The Court does not perceive any improper motive on plaintiff's part in seeking voluntary dismissal at this juncture. However, the Court concludes that plaintiff's request to withdraw his complaint should nonetheless be denied. As will be explained in greater detail below, defendants' summary judgment motions appear to establish that plaintiff's complaint is barred by the statute of limitations. Thus, even if plaintiff were permitted to voluntarily dismiss this action now, it is unlikely that he would be able to pursue it at any future date. Plaintiff will therefore receive no benefit from being permitted to withdraw his complaint and ruling on defendants' summary judgment motions will provide them the finality they desire. This Court therefore recommends that plaintiff's request to withdraw his complaint be denied.

Summary Judgment Standard

Summary judgment is appropriate when, viewing the evidence in the light most favorable to the nonmoving party, there exists "no genuine dispute as to any material fact" such that "the movant is entitled to judgment as a matter of law." See Fed. R. Civ. P. 56(a); Anderson v. Liberty Lobby, Inc., 477 U.S. 242, 248 (1986). Material facts are facts which might affect the outcome of the pending action under governing law.
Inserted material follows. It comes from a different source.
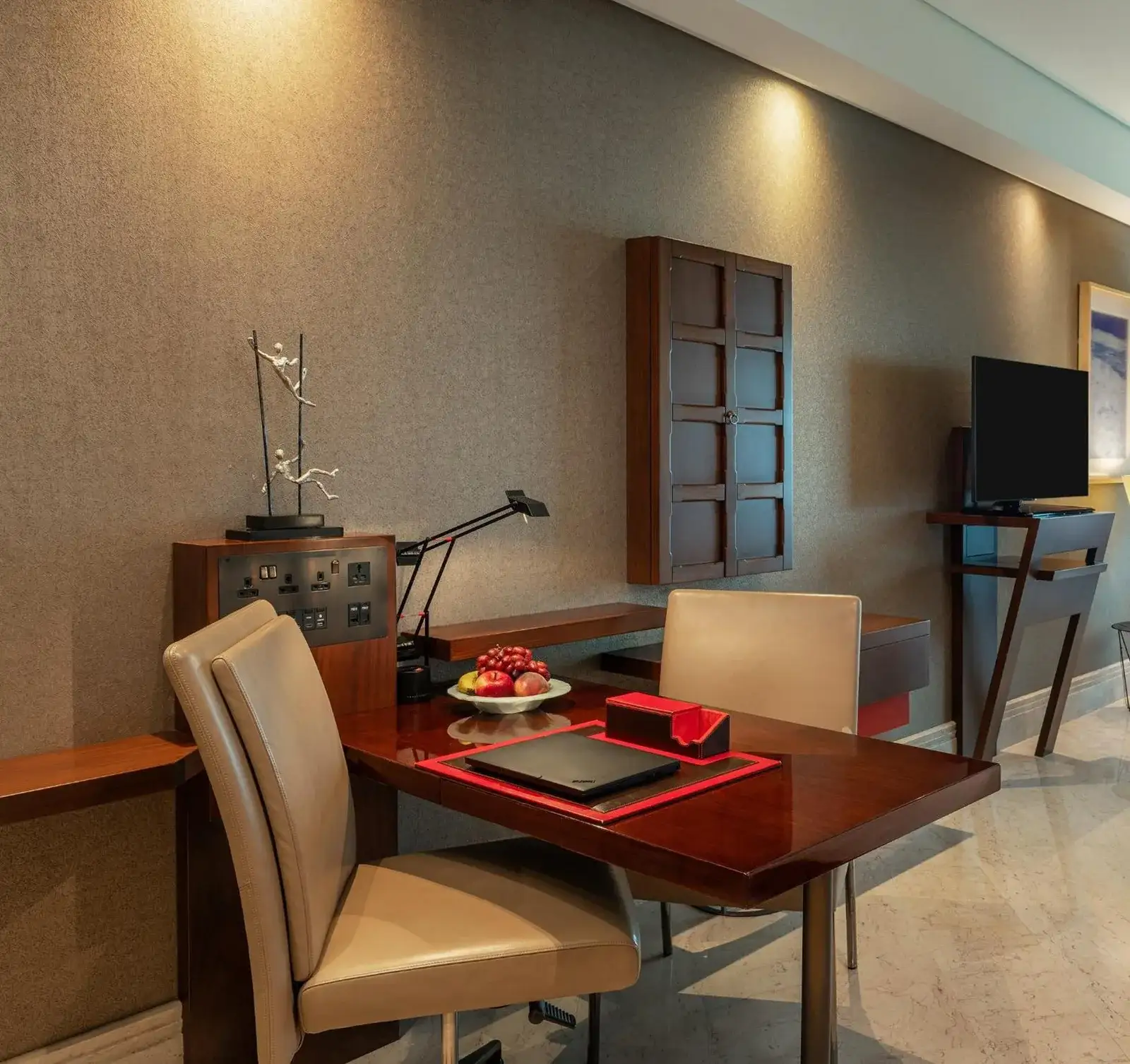 In-room workspace at The Creekside Hotel, Dubai, an Accor Hotel, with desk, chairs, and television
See Anderson, 477 U.S. at 248. Genuine disputes are those for which the evidence is such that "a reasonable jury could return a verdict for the nonmoving party." Id.
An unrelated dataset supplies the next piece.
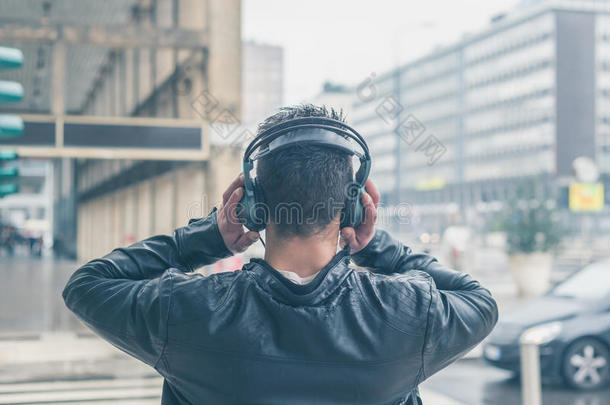 一个戴着耳机的年轻人在城市街道上摆姿势的背影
In response to a properly supported summary judgment motion, the nonmoving party may not rest upon mere allegations or denials in the pleadings, but must set forth specific facts demonstrating a genuine issue of fact for trial and produce evidence sufficient to establish the existence of the elements essential to his case. See Fed. R. Civ. P. 56(e). A mere scintilla of evidence is insufficient to create a factual dispute. See Anderson, 477 U.S. at 252. In ruling on a motion for summary judgment, the court may not weigh the evidence or make credibility determinations. Id. at 248.

Statute of Limitations

For claims brought under 42 U.S.C. § 1983, federal courts apply the forum state's statute of limitations governing personal injury actions. See Wilson v. Garcia, 471 U.S. 261 (1985). Thus, the applicable limitations period for plaintiff's claims is three years. RCW 4.16.080(2). Although state law provides the applicable limitations period for plaintiff's claims, federal law determines when the cause of action accrues. See Fink v. Shedler, 192 F.3d 911, 914 (9th Cir. 1998)(citing Elliott v. City of Union City, 25 F.3d 800, 802 (9th Cir. 1994)). Under federal law, a cause of action accrues "when the plaintiff has a complete and present cause of action . . . that is, when the plaintiff can file suit and obtain relief." Wallace v. Kato, 549 U.S. 384, 388 (2007) (internal quotations omitted).
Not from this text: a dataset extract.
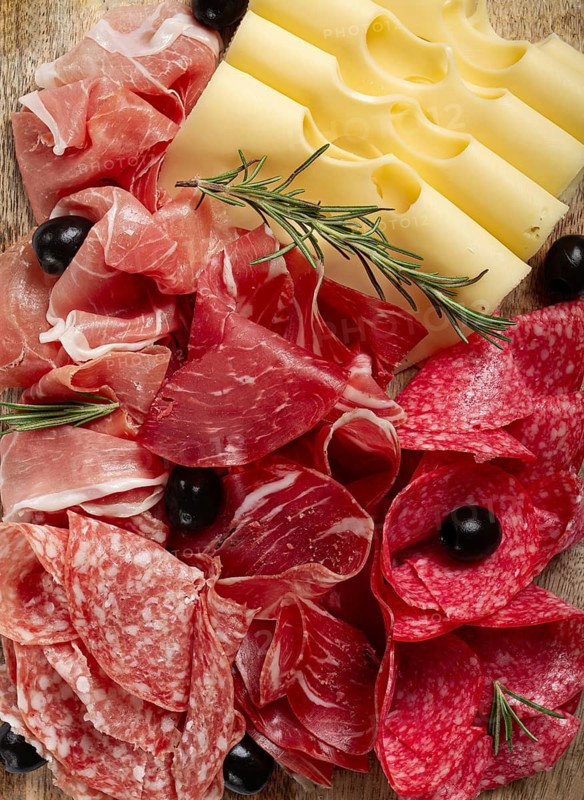 Assorted meat, appetizer, prosciutto, salami and ham, with maasdam cheese and olives, on a wooden board, breakfast, top view, close-up, no people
Defendants argue in their motions for summary judgment that the statue of limitations began to run for purposes of this civil rights action on May 4, 2012, the date judgment was REPORT AND RECOMMENDATION entered in plaintiff's criminal proceedings. Defendants suggest two possible justifications for their assertion that the limitations period began to run on the date judgment was entered, one based on accrual and one based on tolling. Defendants maintain that where, as here, a plaintiff's claim is derivative of his arrest, extradition and subsequent conviction, the cause of action accrues when final judgment is entered by the trial court. Morales v. City of Los Angeles, 214 F.3d 1151, 1152 (9th Cir. 2000). Defendants also acknowledge that plaintiff benefits from the tolling provision of RCW 4.16.190 which provides that if, at the time an action accrues, a person is "imprisoned on a criminal charge prior to sentencing," the applicable statute of limitations is tolled during the time of the disability.1

While defendants offer these two possible justifications for their position, they don't clearly commit to either one, arguing only that the statute of limitations began to run on May 4, 2012, and expired three years later on May 4, 2015, approximately one month before plaintiff presented his civil rights complaint to this Court for filing on June 4, 2015. This Court concurs that under either analysis suggested by defendants, the statute of limitations in this matter began to run, at the latest, on May 4, 2012, the date judgment was entered in plaintiff's state court criminal proceedings. Plaintiff's complaint, which was signed on May 15, 2015, and was received for filing on June 4, 2015, is therefore untimely and this action should therefore be dismissed on this basis.

Improper Service

Given this Court's conclusion with respect to defendants' statute of limitations argument, the Court need not address the other arguments raised by defendants in their summary judgment motions. However, there is one additional argument raised by defendants Irwin and Thomas that warrants at least brief discussion. Defendants Irwin and Thomas argue that they should be dismissed from this action for lack of personal jurisdiction because plaintiff failed to serve them with a summons and complaint within 120 days of filing his complaint. (See Dkt. 38.)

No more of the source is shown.